We liepen terug naar het water en namen de boot naar het Louvre. Altijd fijn, zo’n boot om eventjes rustig op te zitten en je voeten wat rust te geven.

Aan het Louvre was het niet alleen pokkeheet maar ook echt wel druk. Ik toonde Merel de Arc de la Caroussel, de rechte lijn van Parijs en uiteraard ook de glazen piramides, want die wilde ze zeker zien. Dat het Louvre niet zozeer die piramides was, maar wel een gigantisch museum en dat die piramides eigenlijk gewoon de ingang en lichtkoepels waren, daar had ze geen flauw idee van. Binnen wilde ze niet, en dat deden we dan ook niet.

We passeerden nog even langs de vreemde zuilen van het Palais Royal en besloten toen dat we allebei geen voeten meer over hadden en dat het welletjes was geweest. Een goeie metrorit later zaten we op een terrasje aan de Place Saint-Georges, het dichtstbijzijnde station bij onze kamer. Vijf euro voor een cola, en dat in een niet echt toeristische buurt…

In de studio gingen we allebei uitgeteld liggen en ik denk dat ik ook echt in slaap ben gevallen. Tsja, zoveel rondlopen na zo’n slechte nachtrust…

Maar tegen half acht stonden we fris en fruitig en netjes gedoucht op een leuk pleintje wat verderop en zagen we de lokale Indiër wel zitten. Man, schitterende keuze! Merel nam lam tikka massala, ik lam korma, met een ongelofelijk lekkere goa bij, een sapje van mango, papaya, ananas en kokos. Héérlijk gegeten en voor geen geld!

Tegen half negen waren we terug, niet veel later sliepen we beiden. Ik had nog gedacht van te bloggen, maar was daar eigenlijk veel te moe voor, zowel lichamelijk als mentaal.

 

Parijs, dag een

De kinderen mogen, wanneer ze van het lager naar het middelbaar gaan, een citytrip kiezen naar een Europese stad naar keuze, met de ouder naar keuze.

In 2016 koos Wolf voor een weekendje Londen met zijn papa. In Kobes vakantie destijds kregen we het niet ingepland, en toen kwam corona. Tsja. Maar donderdag vertrekt hij met Bart voor drie dagen naar Keulen. Ja, mijn wenkbrauwen gingen ook de hoogte in, toen hij dat aankondigde, maar zodra hij eraan toevoegde dat het dan GameCon was, de grootste gaming beurs van Europa, klonk het net iets logischer.

Merel, mijn meisje zijnde, koos resoluut voor Parijs met mij. Een girls’ trip naar de meest bejubelde, meest romantische, meest tot de verbeelding sprekende stad? Ja hoor. Ze had al op voorhand uitgedacht wat ze allemaal wilde zien, maar liefst geen musea. Van mij niet gelaten, het was haar trip, zij bepaalde. En ja, ze was er helemaal klaar voor!

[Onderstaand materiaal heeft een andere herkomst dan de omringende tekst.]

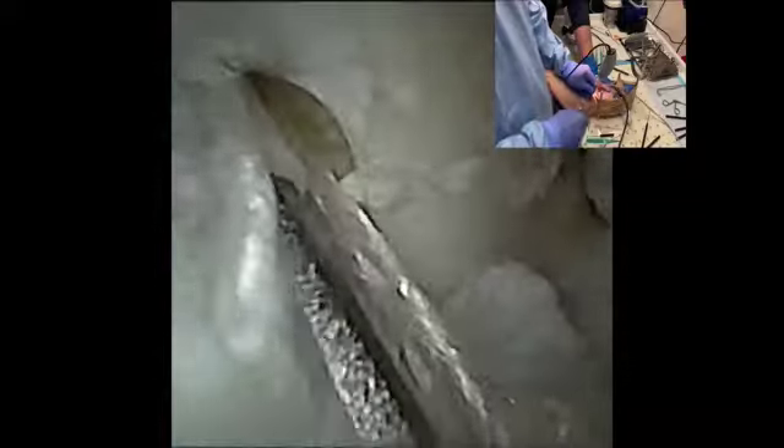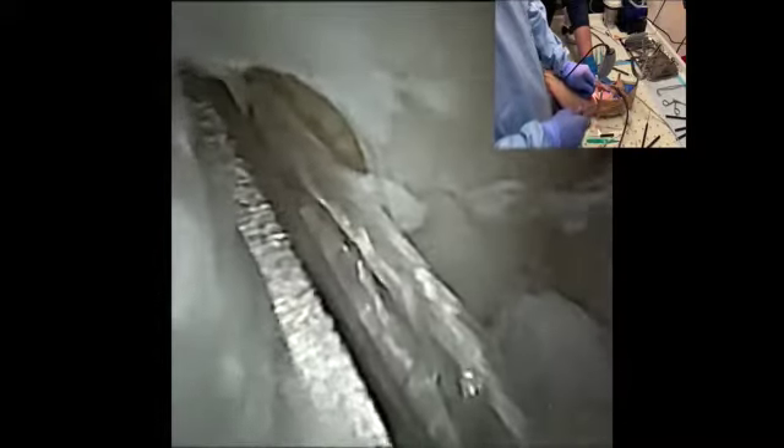Next, a guide pin is placed at the talus insertion. It is then overdrilled to receive the suture anchor. The suture anchor is then seated into place in the talus and malleted until the threads engage the subchondral bone. After insertion, the suture tape can be appreciated here.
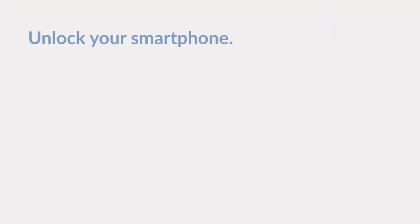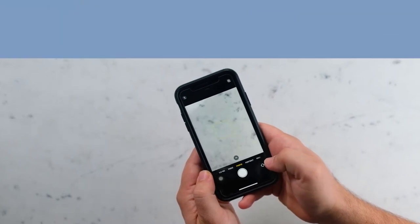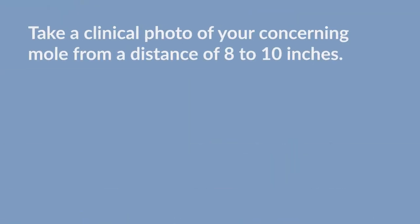Unlock your smartphone and open the camera app. Take a clinical photo of your concerning mole from a distance of 8 to 10 inches.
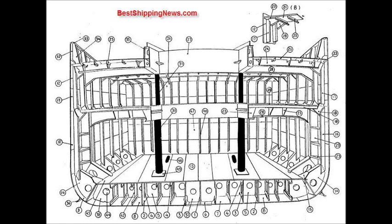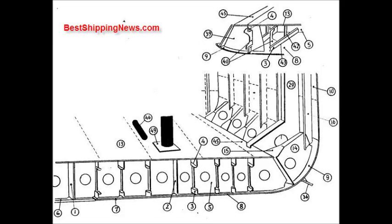Strong beam, web frame, hold pillar, tween deck pillar, bulwark plate, handrail, bulwark stay, horizontal stiffener, bilge keel, docking bracket, bracket to margin plate, watertight floor.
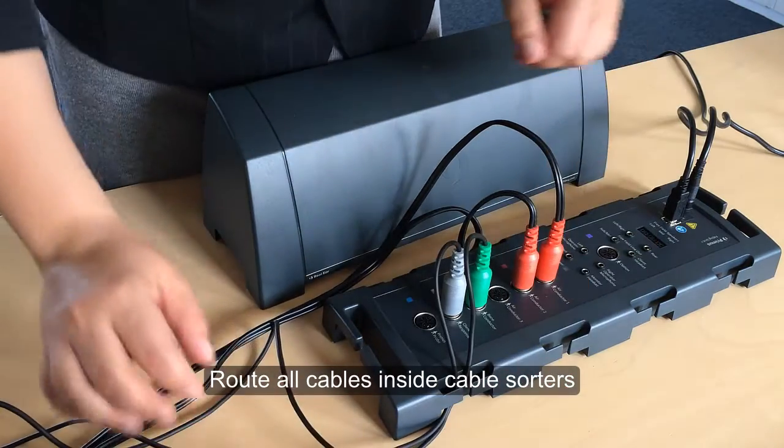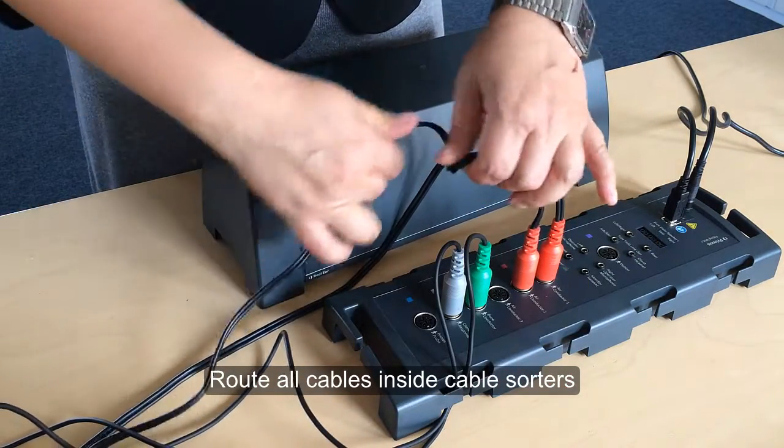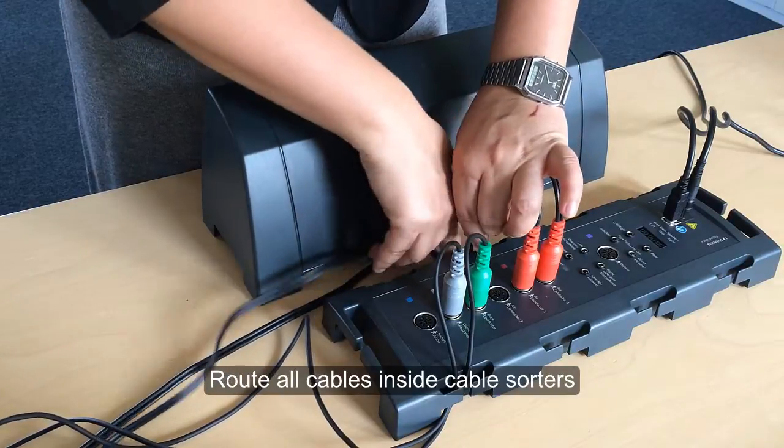Make sure that all the cables are routed using the cable sorter. Once you've done this, you can close the fitting unit using the lid.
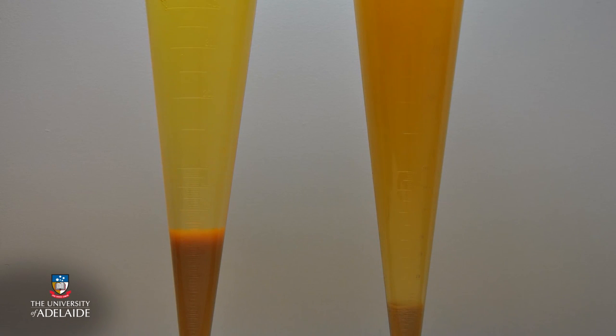On the right hand side no pectin has been added and there are still significant solids in suspension. Typically this process occurs over a 24 to 48 hour period.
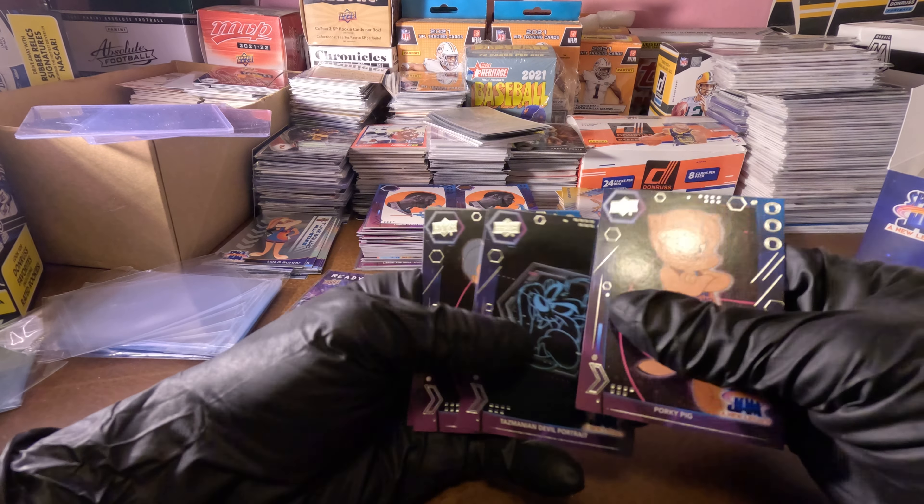Ready to jam! Bugs Bunny — wow, that's all I can say. That's the fourth Bugs Bunny! Look at the jam we got.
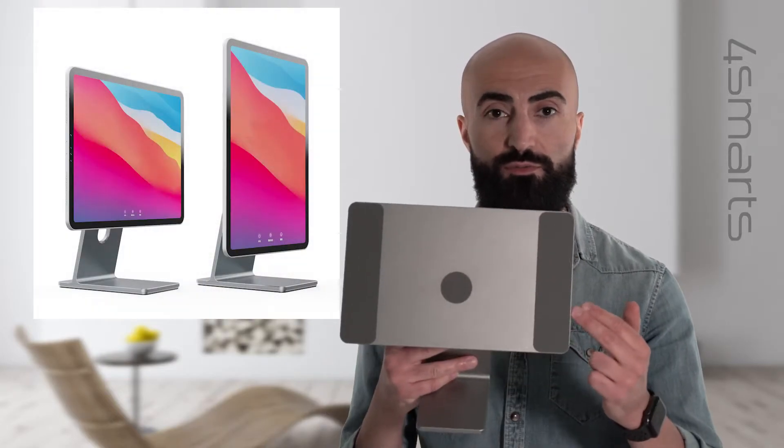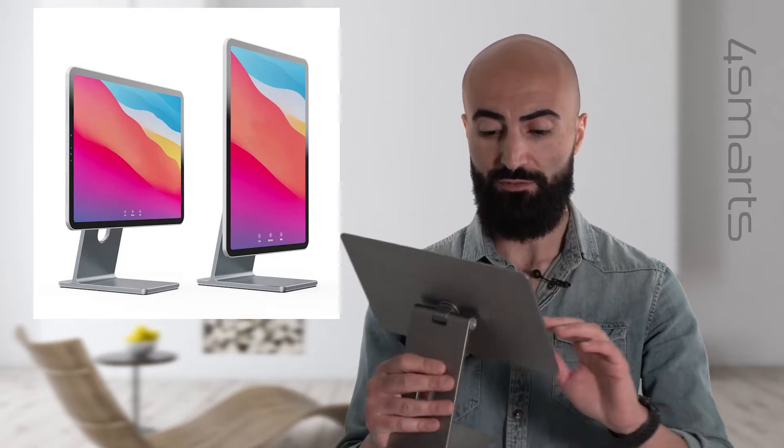Looking for a real eye-catcher for your iPad Pro or iPad Air? Check out our new Ergofix Magic holder, made of elegant aluminum.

Onze trein naar Brussel ging om 9.55 uur, zodat we de taxi gevraagd hadden om 9.30 uur. Zelf reken ik een kwartiertje om naar het station te rijden, meer dan tijd genoeg, dachten we. Dat was echter buiten Guido gerekend: hij stond hier wel om 9.25 uur, maar had toen het lumineuze idee om dwars, maar dan ook dwars door ’t stad te rijden. Als in: Wiedauwkaai – even aanschuiven – en dan – oei, juist, de Opgeëistenlaan is onderbroken, wacht! – langs de Gasmeterlaan, over Wondelgembrug, door de Wondelgemstraat, via de Begijnhoflaan langs de Nieuwewandeling, toch de kleine ring op (die hij al veel eerder en vlotter had kunnen bereiken) – “maar Guido toch, ze zijn hier ook aan ’t werken, ge zijt een kalf, hoe kunt ge nu zo verkeerd rijden, maar vent toch” de arme man zat te vloeken en tikte de meter af op 20 euro – de Groot-Brittanniëlaan in, om uiteindelijk zich om 9.52 uur op het stationsplein zelf te schieten. De trein reed net het station binnen, we hebben ons gerept naar perron 9 – ge zult niet anders zien – en haalden gelukkig nog net de trein. Oef.

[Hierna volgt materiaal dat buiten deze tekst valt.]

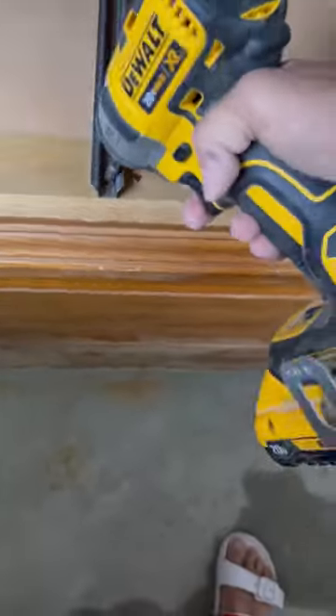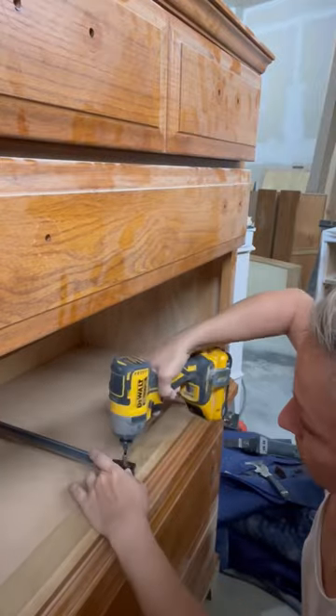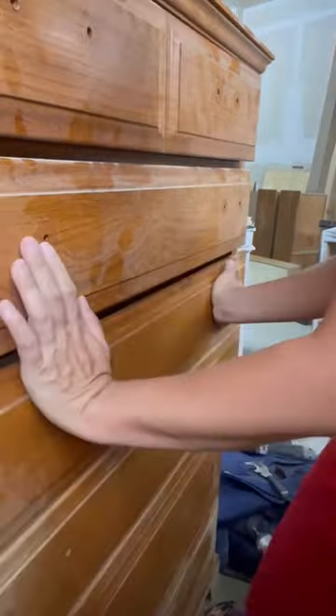I first started out by repairing a few of the drawers. They were stuck and wouldn't come out, so I bought new drawer glides for only $5. I removed the old and installed the new with my drill. Thankfully, it was pretty easy.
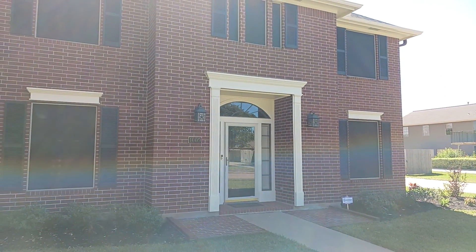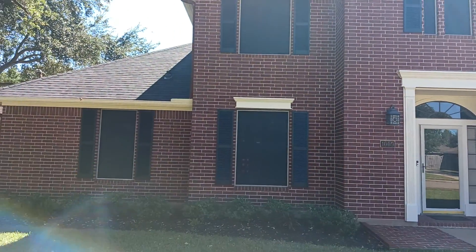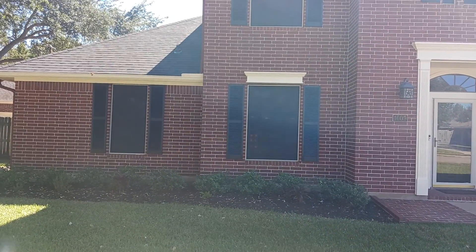Anything less, throw it out in the trash. The beautiful thing is this homeowner just lost 30% of their electric bill. I bet you they won't be looking for it.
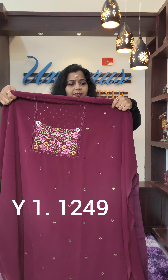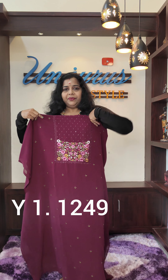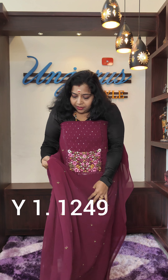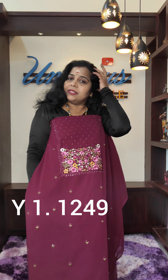This is the bottom. Same color as the nail. Semi-satin fabric is the bottom. This is the full color.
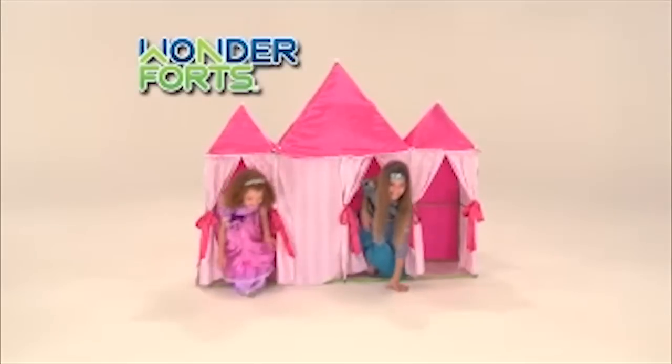Almost anything is possible with Wonder Forts! Wonderful, wonder fun, wonder why someone didn't think of this sooner! They're Wonder Forts!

Gelukkig was dit geen voorteken voor de rest van de reis: de overstap in Brussel-Zuid op de TGV verliep zeer vlot en aan een snelheid van 300 km/uur zoefden we naar de lichtstad.

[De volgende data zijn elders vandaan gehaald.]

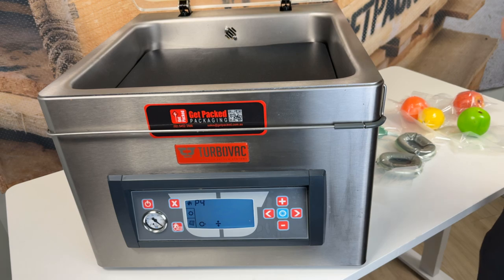We also service and repair the TurboVacs. If you've got any questions, you want to buy a new machine, get your machine serviced, or there's just something you'd like to know, you can go to www.getpacked.com.au. You can drop your question in the comments below this video. Give us a like and subscribe.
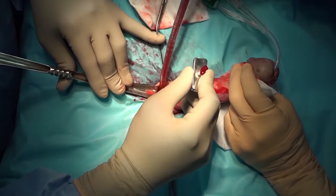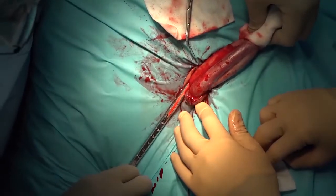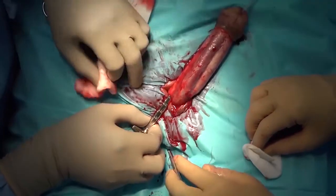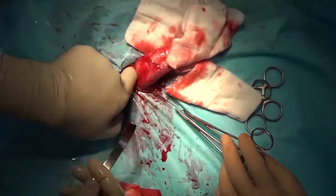Measurement and dilation was done with the Furlow insertor. The reservoir was placed in the space of Retzius.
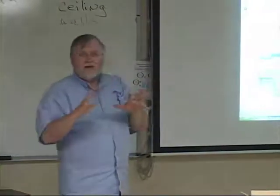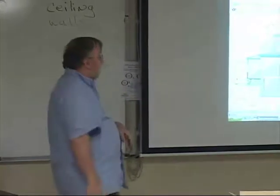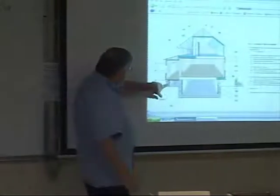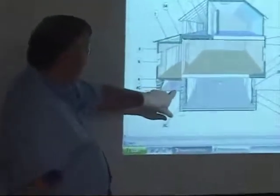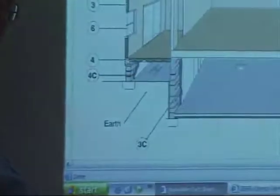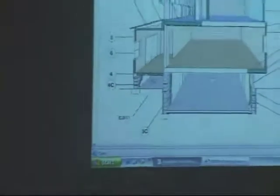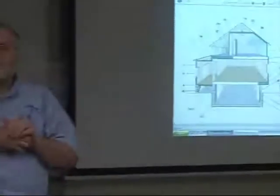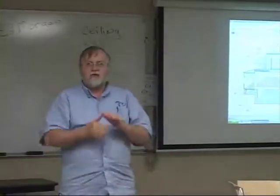So that's what I use as a determining factor. Now, I always talk also about what kind of floor there is in the crawl space, because you don't want to have a dirt floor left exposed if you're going to insulate the perimeter of the crawl space.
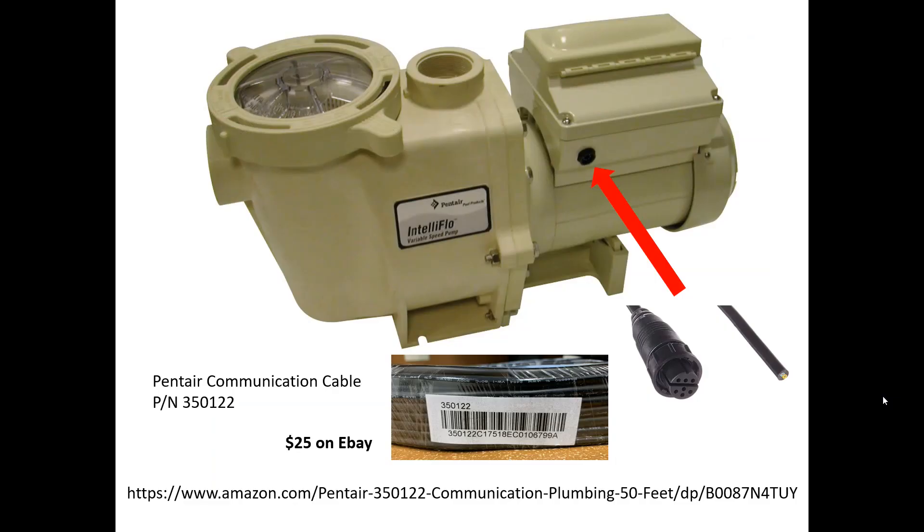This is the Pentair IntelliFlow. On the side there's a small communications port, so I had to buy a Pentair communications cable — the part number is shown there. It's about $25 on eBay, not too expensive. It's quite long, so if you have to run a good distance, it can easily handle it.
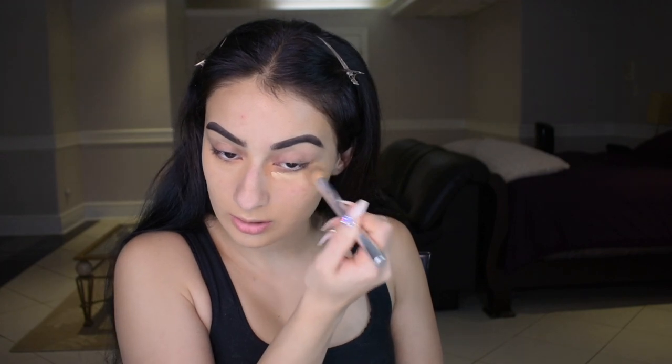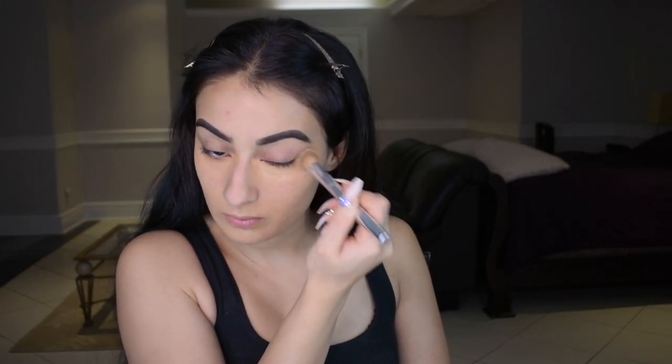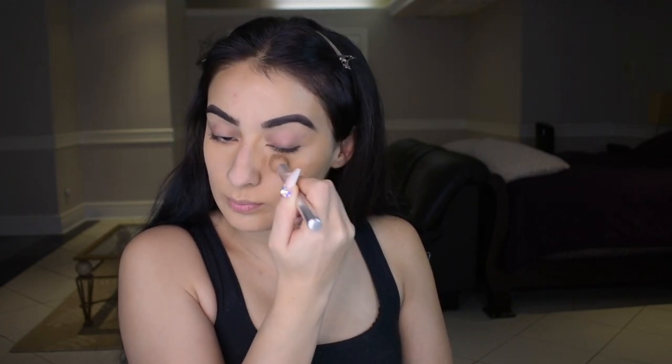Now we're going to conceal. I'm using Born This Way in Natural Beige — it's closest to my skin tone. I just want to spot-conceal. I'm taking this Morphe M439 brush and stippling, really pressing it into the skin. I'm using an IT Cosmetics brush to blend out underneath my eye. You don't ever want to pull the skin under your eye — you always want to stipple. That got rid of the green under my eye.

En toen was het een dikke twintig minuten met ons rolkoffertjes door de straten van Parijs naar onze AirBNB. Ik had wel even zitten kijken en toen iets gekozen dat best meeviel van prijs, niet ver van het station was, in een rustige buurt, en dat er vooral meer dan deftig uitzag. Man, zijn wij met ons gat in de boter gevallen zeg! Met stijl ingericht, kraaknet, deftige keuken en vooral een überpropere badkamer met een geweldige douche (als in: megaproper, nieuw, heet en veel waterdruk). En dan de ligging: niet gewoon in de quartier Montmartre, maar in een autovrij straatje in een afgesloten beluik met een fantastische binnentuin.

Alleen de traphal viel gigantisch tegen en deed ons de schrik om het hart slaan: niet afgewerkt, blote elektriciteitskabels, een oude gammele trap… Maar de kamer zelf: un bijou!

We luisterden naar de uitleg van de gastvrouwe, installeerden ons en trokken toen richting Montmartre, uitgehongerd. Ha ja, het was al bij tweeën, we waren vroeg op en Merel wordt gigantisch hangry… En die kan dan ook zo enorm gelukzalig kijken zodra ze eten voor haar neus krijgt.

Op de Place d’Anvers – of all places – placeerden we ons op een terras met een wreed wijze dienster en een haalbare lunch. Het eten is niet speciaal duur hier in Parijs, maar je betaalt stevig voor je drank: een cola is al gauw vijf euro, een koffie ook. Gelukkig krijg je ook altijd een karaf kraantjeswater voor niks.

Enfin, een beetje moe maar gelukkig weldoorvoed trokken we verder richting de Sacré Coeur. Man, wat een volk! Maar wij moeten niet spreken want we liepen er per slot van rekening ook tussen.

We namen puur voor de lol de funiculaire naar boven, liepen rond, genoten van het uitzicht, losten een reeks geocaches op, vingen een eerste glimp van de Eiffeltoren op en namen uiteraard ook een selfie, zoals u in de foto van de dag kon zien.

Omdat we ’s middags zo laat hadden gegeten en eigenlijk allebei behoorlijk moe waren, besloten we om gewoon een baguette te kopen en even langs de Carrefour te gaan voor brie, salami, boter, melk en wat druiven. Zoals gezegd: Merel strààlt gewoon als ge die eten geeft…

En toen, toen installeerden we ons samen op ons bed en keken naar ‘De klokkenluider van de Notre Dame’, want die had Merel zowaar nog niet gezien.

Die Notre Dame, dat zal voor morgen zijn, want nu is ons pijp gewoonweg uit.